THE TASK:
All of the data goes into your copy exactly as written. Images do not.

MATERIAL PROVIDED:
=======

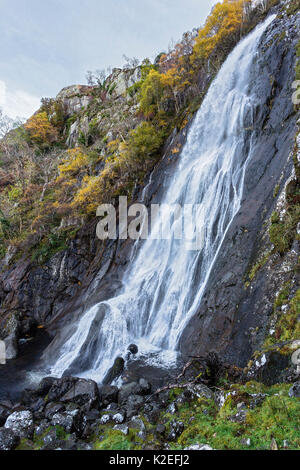 Aber Falls (Rhaeadr-fawr) Abergwyngregyn près de Gwynedd dans le Nord du Pays de Galles, Royaume-Uni, novembre 2016. Banque D'Images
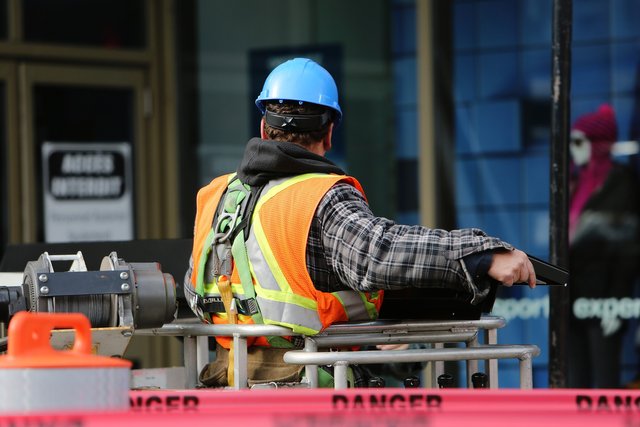 construction-worker-g3246b138b_1920.jpg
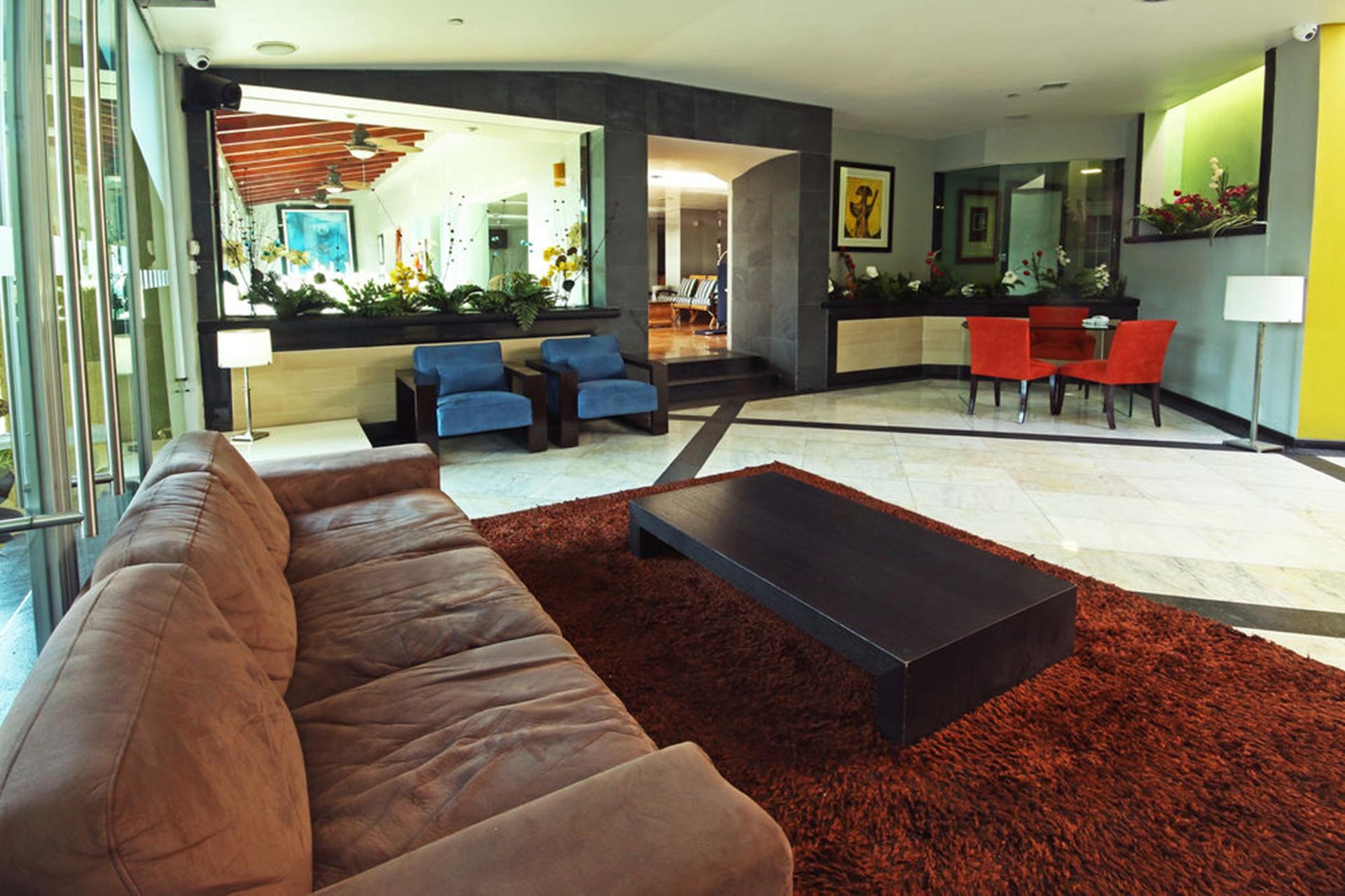image-housing-carousel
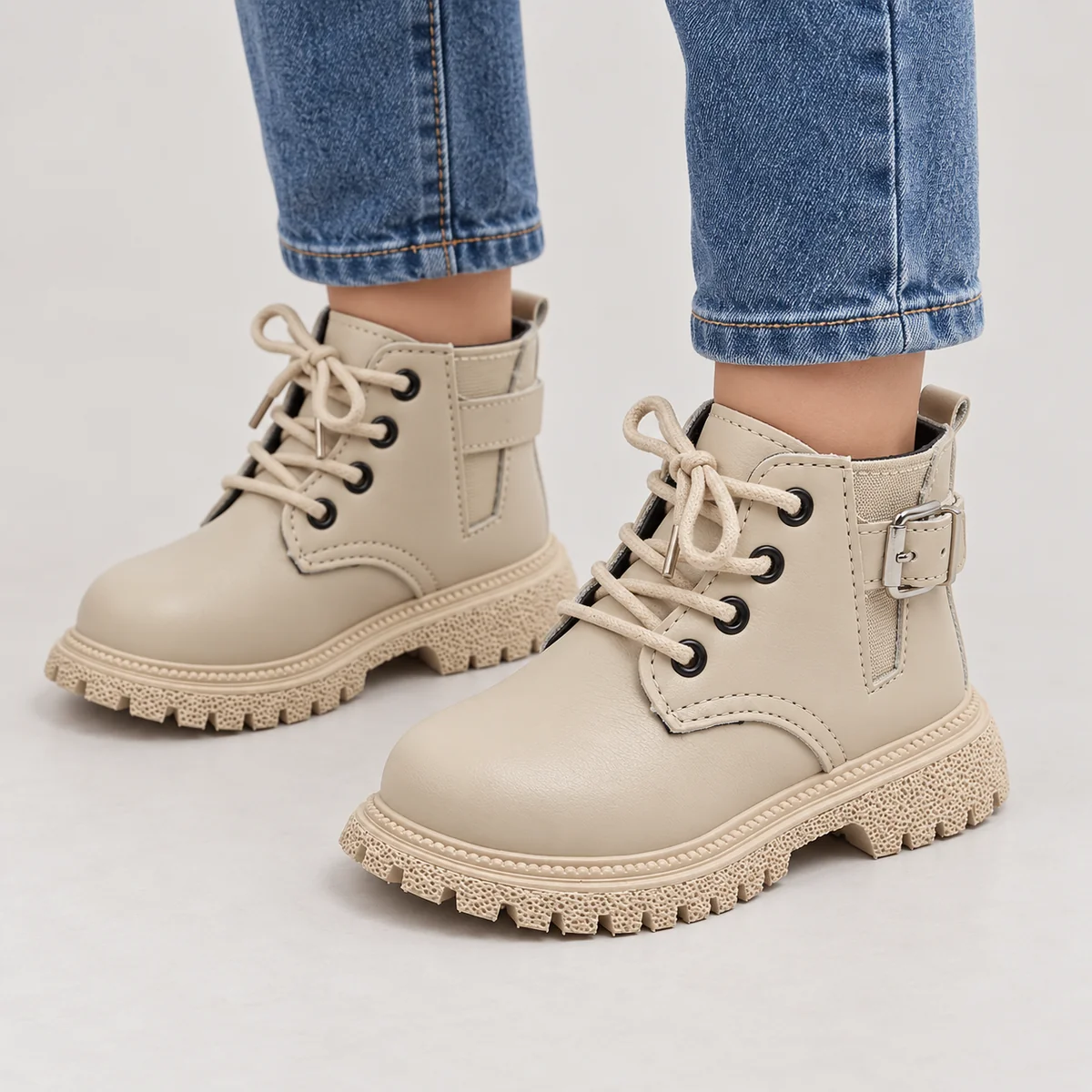 bottines-enfant-beiges-lacets-portees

=======

SOLUTION TO THE EXERCISE:
 Aber Falls (Rhaeadr-fawr) Abergwyngregyn près de Gwynedd dans le Nord du Pays de Galles, Royaume-Uni, novembre 2016. Banque D'Images
 construction-worker-g3246b138b_1920.jpg
image-housing-carousel
 bottines-enfant-beiges-lacets-portees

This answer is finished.